Herausgekommen ist dies durch eine parlamentarische Anfrage des Hamburger CDU-Bundestagsabgeordneten Dr. Christoph Ploß. Der hatte die Bundesregierung im Januar gefragt, „für wie viele der sich im Bundeseigentum befindlichen Immobilien“ der Bund eine Grundsteuererklärung abgegeben habe. Die Antwort hat wohl nicht nur Ploß überrascht. Zwar weniger, was die Anzahl der Immobilien betrifft (rund 26.000), dafür aber umso mehr, soweit es den Umgang mit der Frist zur Abgabe der Erklärung geht.

Denn in der Antwort des Parlamentarischen Staatssekretärs Dr. Florian Toncar für die Bundesregierung heißt es, die für die Grundsteuermeldung zuständige Bundesanstalt für Immobilienaufgaben (BImA) habe sich statt einer „händischen Einreichung gegenüber einer Vielzahl verschiedener Finanzämter deutschlandweit“ für eine IT-Lösung entschieden. Das ist sicher sinnvoll. Nun aber kommt eine doch recht eigenartige Erläuterung, bis wann diese IT-Lösung die Daten übermittelt: „Mit der Datenerhebung sowie -pflege ist Mitte 2022 begonnen worden. Im Januar 2023 werden die ersten Blöcke der Grundsteuererklärungen über die Schnittstelle zum ELSTER-Verfahren übermittelt. Die BImA konzentriert sich dabei zunächst auf die steuerpflichtigen Liegenschaften, für die die Meldungen planungsgemäß zum 31. März 2023 abgeschlossen sein sollen.“ Abschließend lässt Toncar wissen, die BImA stehe „hierzu weiterhin in ständigem engem Austausch mit den Landesfinanzverwaltungen“.
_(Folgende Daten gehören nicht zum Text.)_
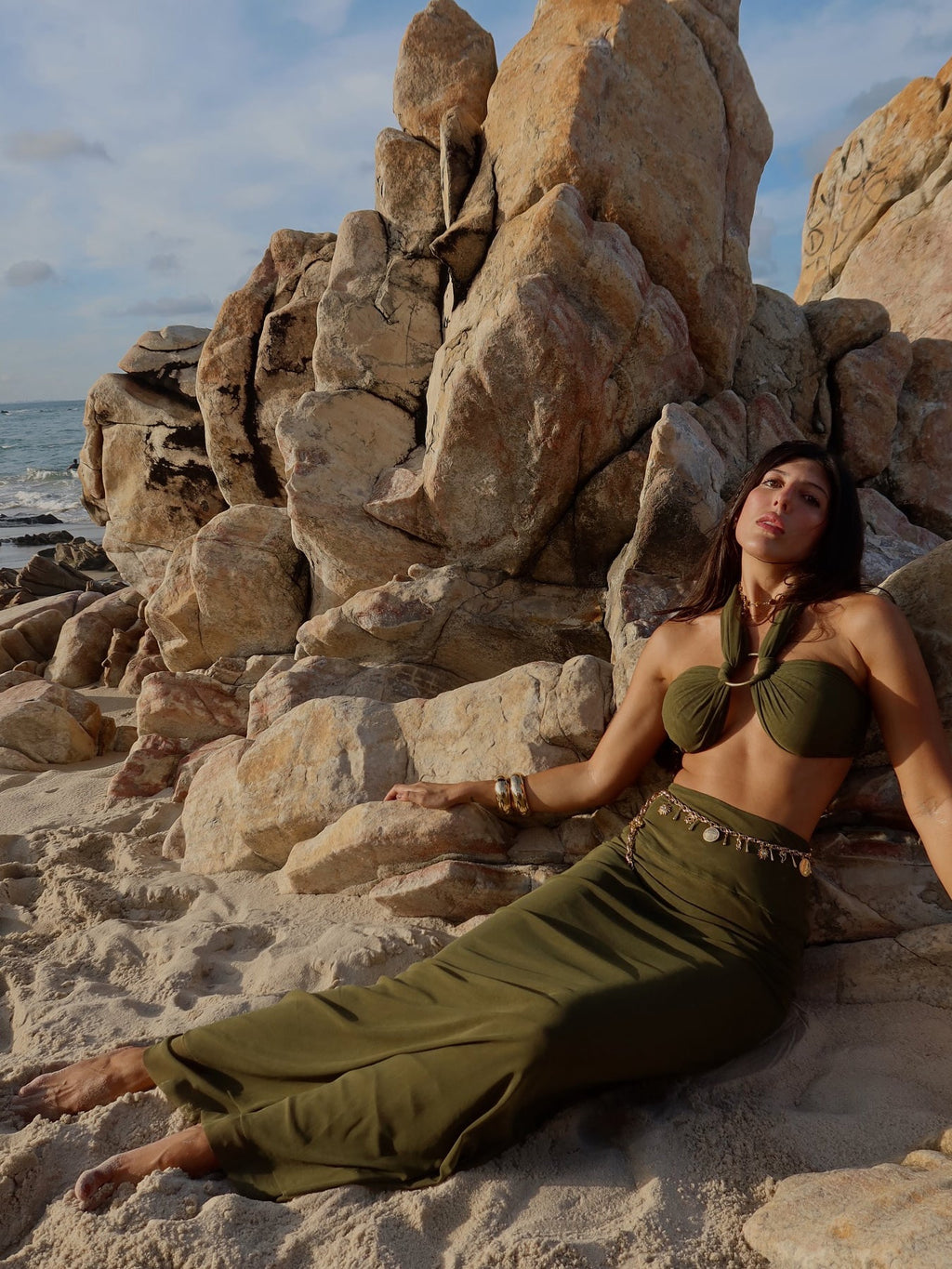 Olive Green Strappy Cropped Top & Hip-hugging Skirt Set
Frage 1: Warum hat der Bund, konkret die BImA, erst Mitte 2022 mit der Datenerhebung begonnen? Und, noch viel wichtiger, Frage 2: Warum gilt für die BImA offenbar eine ganz andere Frist? Denn die BImA, so erläutert Toncar, will die Meldungen zu den grundsteuerbefreiten Liegenschaften, die gleichwohl gemeldet werden müssen, erst nach Meldung der grundsteuerpflichtigen Grundstücke beginnen, sodass „nach der jetzigen Planung bis zum 30. September 2023 die notwendigen Erklärungen für die Hauptfeststellung für sämtliche Liegenschaften der BImA abgeschlossen sein sollen“.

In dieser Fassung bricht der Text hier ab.